[EXERCISE] Every single entry must be reproduced precisely.

** RECORDED DATA follows **

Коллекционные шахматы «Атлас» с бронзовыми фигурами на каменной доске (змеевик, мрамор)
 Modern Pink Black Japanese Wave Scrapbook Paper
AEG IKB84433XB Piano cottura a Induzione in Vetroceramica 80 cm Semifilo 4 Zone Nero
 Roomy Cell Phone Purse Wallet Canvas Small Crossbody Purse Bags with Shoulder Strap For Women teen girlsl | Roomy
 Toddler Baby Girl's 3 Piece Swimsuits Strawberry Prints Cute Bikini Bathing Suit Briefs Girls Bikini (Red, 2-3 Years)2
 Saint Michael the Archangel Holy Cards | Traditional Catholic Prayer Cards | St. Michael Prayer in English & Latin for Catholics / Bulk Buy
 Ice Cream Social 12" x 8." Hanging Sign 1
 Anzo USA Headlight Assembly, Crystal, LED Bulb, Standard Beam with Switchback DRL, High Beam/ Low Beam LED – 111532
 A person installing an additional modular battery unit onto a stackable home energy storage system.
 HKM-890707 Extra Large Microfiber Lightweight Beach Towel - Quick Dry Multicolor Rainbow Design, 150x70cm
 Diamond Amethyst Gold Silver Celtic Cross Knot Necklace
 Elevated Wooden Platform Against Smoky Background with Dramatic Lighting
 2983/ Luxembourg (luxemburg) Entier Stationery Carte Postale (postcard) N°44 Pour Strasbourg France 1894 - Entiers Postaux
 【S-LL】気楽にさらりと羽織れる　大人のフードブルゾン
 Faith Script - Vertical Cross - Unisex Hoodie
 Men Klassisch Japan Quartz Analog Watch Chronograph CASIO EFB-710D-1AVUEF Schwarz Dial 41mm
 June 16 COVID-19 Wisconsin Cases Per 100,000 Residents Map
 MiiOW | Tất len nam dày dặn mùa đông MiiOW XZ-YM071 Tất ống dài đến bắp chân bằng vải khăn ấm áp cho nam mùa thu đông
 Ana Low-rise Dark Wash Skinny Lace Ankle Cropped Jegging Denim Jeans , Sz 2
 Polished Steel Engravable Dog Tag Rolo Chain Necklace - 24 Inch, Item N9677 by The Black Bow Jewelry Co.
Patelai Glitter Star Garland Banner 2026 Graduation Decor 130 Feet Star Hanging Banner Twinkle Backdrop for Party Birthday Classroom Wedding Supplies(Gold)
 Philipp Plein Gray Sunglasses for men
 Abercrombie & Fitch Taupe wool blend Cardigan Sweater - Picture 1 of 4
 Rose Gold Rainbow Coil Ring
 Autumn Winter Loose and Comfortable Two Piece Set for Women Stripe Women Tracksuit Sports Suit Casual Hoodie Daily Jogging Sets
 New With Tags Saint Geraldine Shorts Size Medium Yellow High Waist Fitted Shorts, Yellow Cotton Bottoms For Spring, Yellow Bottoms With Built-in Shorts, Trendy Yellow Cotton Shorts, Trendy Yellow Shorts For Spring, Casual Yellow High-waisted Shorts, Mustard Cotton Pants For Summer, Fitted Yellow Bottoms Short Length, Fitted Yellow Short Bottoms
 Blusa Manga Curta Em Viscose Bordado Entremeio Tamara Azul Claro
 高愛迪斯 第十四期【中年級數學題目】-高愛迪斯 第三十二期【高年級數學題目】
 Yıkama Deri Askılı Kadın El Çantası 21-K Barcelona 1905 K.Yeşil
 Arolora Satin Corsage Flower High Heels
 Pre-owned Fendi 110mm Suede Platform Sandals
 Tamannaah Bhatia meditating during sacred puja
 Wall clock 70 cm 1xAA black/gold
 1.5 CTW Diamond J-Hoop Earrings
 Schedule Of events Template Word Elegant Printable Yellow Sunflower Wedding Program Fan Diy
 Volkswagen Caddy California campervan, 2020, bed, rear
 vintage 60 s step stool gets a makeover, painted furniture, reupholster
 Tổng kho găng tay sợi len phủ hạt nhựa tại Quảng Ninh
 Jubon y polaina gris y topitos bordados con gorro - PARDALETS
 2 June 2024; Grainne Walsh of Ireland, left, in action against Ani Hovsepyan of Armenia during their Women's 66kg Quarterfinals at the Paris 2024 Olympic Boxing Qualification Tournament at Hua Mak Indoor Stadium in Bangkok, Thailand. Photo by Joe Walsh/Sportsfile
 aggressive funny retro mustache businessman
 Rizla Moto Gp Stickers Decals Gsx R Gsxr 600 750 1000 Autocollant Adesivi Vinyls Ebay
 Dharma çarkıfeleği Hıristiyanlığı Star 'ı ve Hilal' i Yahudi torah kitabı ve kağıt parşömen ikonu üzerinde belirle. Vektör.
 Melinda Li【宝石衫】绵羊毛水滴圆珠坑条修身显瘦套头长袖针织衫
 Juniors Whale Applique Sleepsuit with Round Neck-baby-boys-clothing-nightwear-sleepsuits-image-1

** End of RECORDED DATA **

[TASK SOLUTION]
Коллекционные шахматы «Атлас» с бронзовыми фигурами на каменной доске (змеевик, мрамор)
 Modern Pink Black Japanese Wave Scrapbook Paper
AEG IKB84433XB Piano cottura a Induzione in Vetroceramica 80 cm Semifilo 4 Zone Nero
 Roomy Cell Phone Purse Wallet Canvas Small Crossbody Purse Bags with Shoulder Strap For Women teen girlsl | Roomy
 Toddler Baby Girl's 3 Piece Swimsuits Strawberry Prints Cute Bikini Bathing Suit Briefs Girls Bikini (Red, 2-3 Years)2
 Saint Michael the Archangel Holy Cards | Traditional Catholic Prayer Cards | St. Michael Prayer in English & Latin for Catholics / Bulk Buy
 Ice Cream Social 12" x 8." Hanging Sign 1
 Anzo USA Headlight Assembly, Crystal, LED Bulb, Standard Beam with Switchback DRL, High Beam/ Low Beam LED – 111532
 A person installing an additional modular battery unit onto a stackable home energy storage system.
 HKM-890707 Extra Large Microfiber Lightweight Beach Towel - Quick Dry Multicolor Rainbow Design, 150x70cm
 Diamond Amethyst Gold Silver Celtic Cross Knot Necklace
 Elevated Wooden Platform Against Smoky Background with Dramatic Lighting
 2983/ Luxembourg (luxemburg) Entier Stationery Carte Postale (postcard) N°44 Pour Strasbourg France 1894 - Entiers Postaux
 【S-LL】気楽にさらりと羽織れる　大人のフードブルゾン
 Faith Script - Vertical Cross - Unisex Hoodie
 Men Klassisch Japan Quartz Analog Watch Chronograph CASIO EFB-710D-1AVUEF Schwarz Dial 41mm
 June 16 COVID-19 Wisconsin Cases Per 100,000 Residents Map
 MiiOW | Tất len nam dày dặn mùa đông MiiOW XZ-YM071 Tất ống dài đến bắp chân bằng vải khăn ấm áp cho nam mùa thu đông
 Ana Low-rise Dark Wash Skinny Lace Ankle Cropped Jegging Denim Jeans , Sz 2
 Polished Steel Engravable Dog Tag Rolo Chain Necklace - 24 Inch, Item N9677 by The Black Bow Jewelry Co.
Patelai Glitter Star Garland Banner 2026 Graduation Decor 130 Feet Star Hanging Banner Twinkle Backdrop for Party Birthday Classroom Wedding Supplies(Gold)
 Philipp Plein Gray Sunglasses for men
 Abercrombie & Fitch Taupe wool blend Cardigan Sweater - Picture 1 of 4
 Rose Gold Rainbow Coil Ring
 Autumn Winter Loose and Comfortable Two Piece Set for Women Stripe Women Tracksuit Sports Suit Casual Hoodie Daily Jogging Sets
 New With Tags Saint Geraldine Shorts Size Medium Yellow High Waist Fitted Shorts, Yellow Cotton Bottoms For Spring, Yellow Bottoms With Built-in Shorts, Trendy Yellow Cotton Shorts, Trendy Yellow Shorts For Spring, Casual Yellow High-waisted Shorts, Mustard Cotton Pants For Summer, Fitted Yellow Bottoms Short Length, Fitted Yellow Short Bottoms
 Blusa Manga Curta Em Viscose Bordado Entremeio Tamara Azul Claro
 高愛迪斯 第十四期【中年級數學題目】-高愛迪斯 第三十二期【高年級數學題目】
 Yıkama Deri Askılı Kadın El Çantası 21-K Barcelona 1905 K.Yeşil
 Arolora Satin Corsage Flower High Heels
 Pre-owned Fendi 110mm Suede Platform Sandals
 Tamannaah Bhatia meditating during sacred puja
 Wall clock 70 cm 1xAA black/gold
 1.5 CTW Diamond J-Hoop Earrings
 Schedule Of events Template Word Elegant Printable Yellow Sunflower Wedding Program Fan Diy
 Volkswagen Caddy California campervan, 2020, bed, rear
 vintage 60 s step stool gets a makeover, painted furniture, reupholster
 Tổng kho găng tay sợi len phủ hạt nhựa tại Quảng Ninh
 Jubon y polaina gris y topitos bordados con gorro - PARDALETS
 2 June 2024; Grainne Walsh of Ireland, left, in action against Ani Hovsepyan of Armenia during their Women's 66kg Quarterfinals at the Paris 2024 Olympic Boxing Qualification Tournament at Hua Mak Indoor Stadium in Bangkok, Thailand. Photo by Joe Walsh/Sportsfile
 aggressive funny retro mustache businessman
 Rizla Moto Gp Stickers Decals Gsx R Gsxr 600 750 1000 Autocollant Adesivi Vinyls Ebay
 Dharma çarkıfeleği Hıristiyanlığı Star 'ı ve Hilal' i Yahudi torah kitabı ve kağıt parşömen ikonu üzerinde belirle. Vektör.
 Melinda Li【宝石衫】绵羊毛水滴圆珠坑条修身显瘦套头长袖针织衫
 Juniors Whale Applique Sleepsuit with Round Neck-baby-boys-clothing-nightwear-sleepsuits-image-1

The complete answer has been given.